Open francoisthire opened 5 years ago
The problem is in https://github.com/Deducteam/lambdapi/blob/42a0313bc81a7092ad7988cf7ac7f5006a9b41d4/src/compile.ml#L64 .
Instead, Dedukti reads files line by line: https://github.com/Deducteam/Dedukti/blob/49e445420885c11b75d161735258ccef19ca2153/parsing/parser.ml#L17-L20 .
How about making parse_file return a Seq instead of a list? I've used this technique in the past, and it yielded very good results performance-wise.
Well, the memory remains linear in the size of the file, so I would not say that it "explodes". And even if we parse line by line that will remain the case since we typically store a new symbol or rewriting rule at each step.
The bigger problem is that Earley cannot handle files of that (unreasonable) size. And the Lambdapi syntax is definitely not meant for that kind of application.
Anyway, what do you big files look like? Are they formed of many short commands? Few bit commands? A mix of both?
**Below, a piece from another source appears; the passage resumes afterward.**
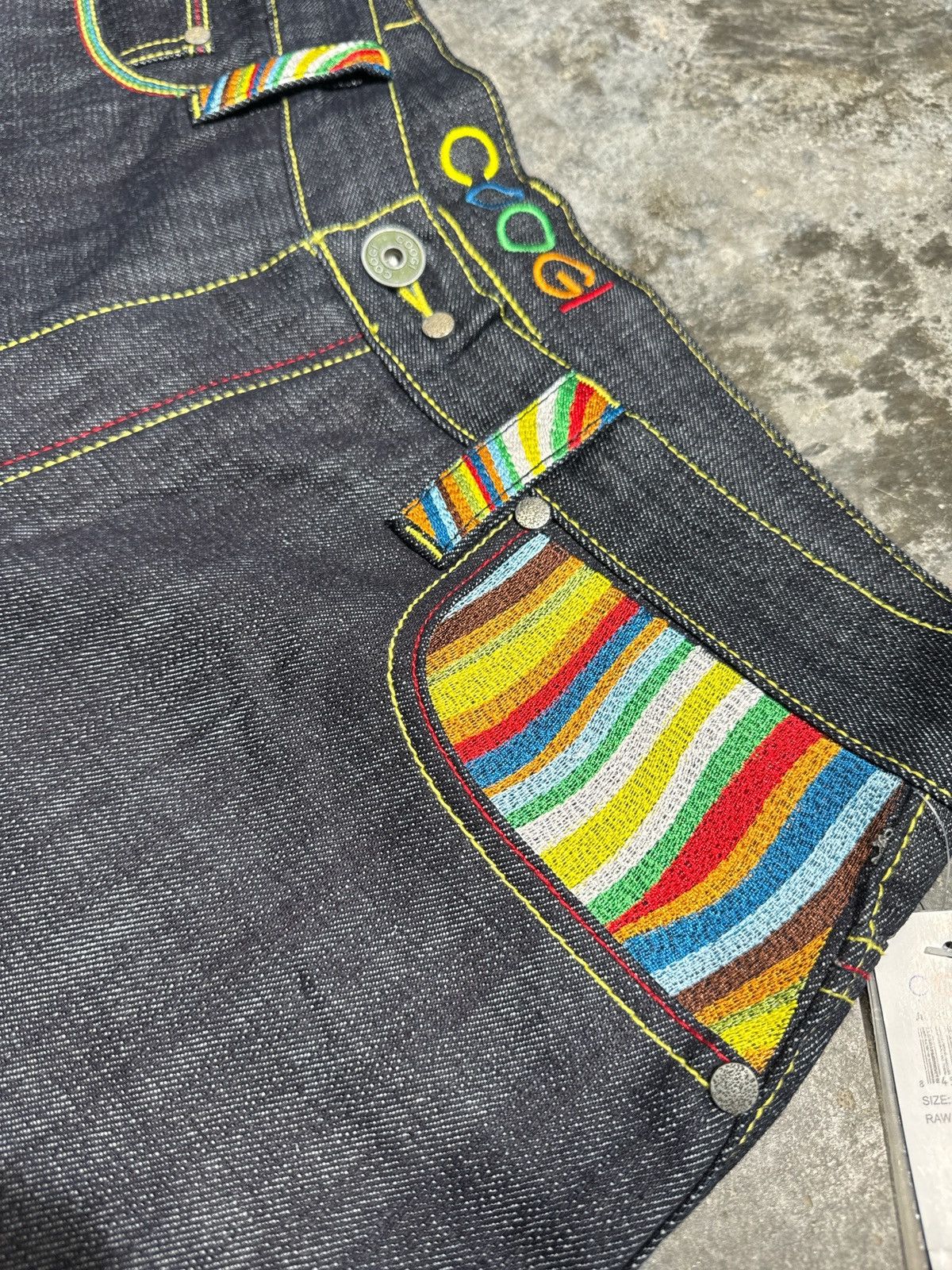 Coogi NWT vintage Coogi jeans Size US 38 / EU 54 - 4 Thumbnail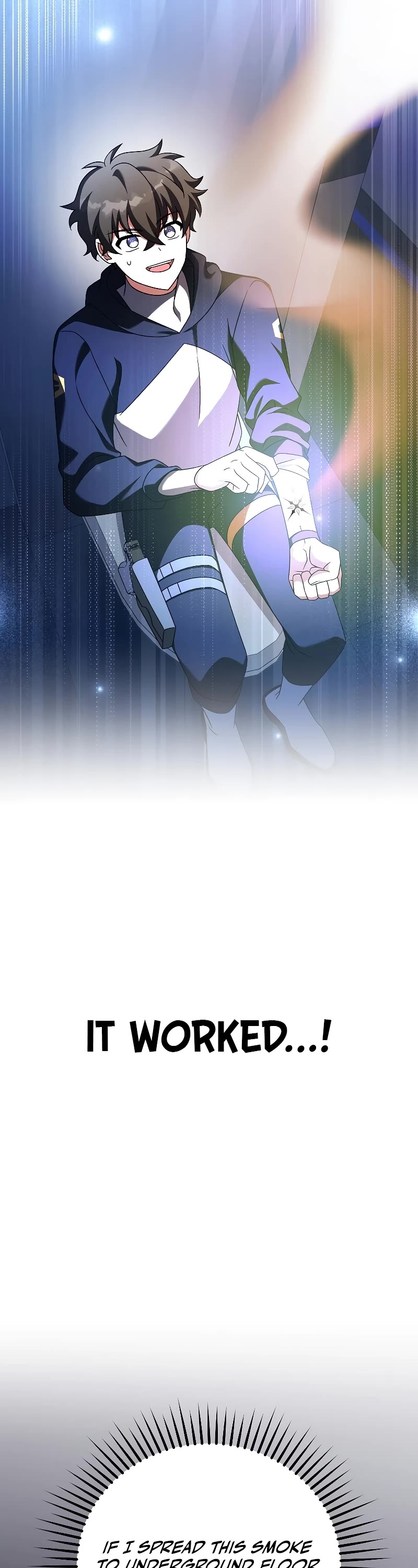 Read The Novel’s Extra EN Manga Online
Why parsing a file line by line is a problem with Earley?
That is doable I guess, it's just more complicated code.
In the long term, this will be an issue anyway. When terms are generated from a program, in general we don't need all the machinery provided by Earley. Instead, we only need a simple syntax with maybe holes for implicit parameters.
@01mf02, could you please provide an URL towards your file so that we can have a look at it?
Certainly, @fblanqui. Here is the output for HOL.Groups, which Dedukti is able to parse on my machine (typechecking fails still ATM), and here is the output for HOL.Hilbert_Choice, on which Lambdapi currently chokes.
A rough estimation (number of lines / 3) gives that the larger file (for HOL.Hilbert_Choice) contains about 35,000 commands.
Would it be possible to create an alternative version of the list1
function in earley.ml
that lazily creates a Seq
(which Lambdapi could then consume element per element as soon as a command has been parsed)? Or would this not work due to Earley's backtracking?
For reference, the current list1
:
let list1 g sep =
fsequence g
(apply (fun xs x -> x :: xs [])
(fixpoint' (fun l -> l)
(fsequence_ignore sep g)
(fun x f l -> f (x::l))))
(I tried to adapt list1
myself, but I admit that I failed to produce something meaningful that typechecks. In particular, I do not understand the meaning of xs []
.)
Hi @01mf02 .
I see that, in your big file, you use definition proofXXX : A := p
for what looks like proofs. Couldn't you instead do the following: theorem thmXXX : A proof refine p qed
? (I checked on some example and it worked.)
To make the output slightly more readable, you can also replace λ (x:A) , t
by λx:A, t
, eta by η and eps by ε.
You could also try if you cannot remove type annotations in λ's inside proofs.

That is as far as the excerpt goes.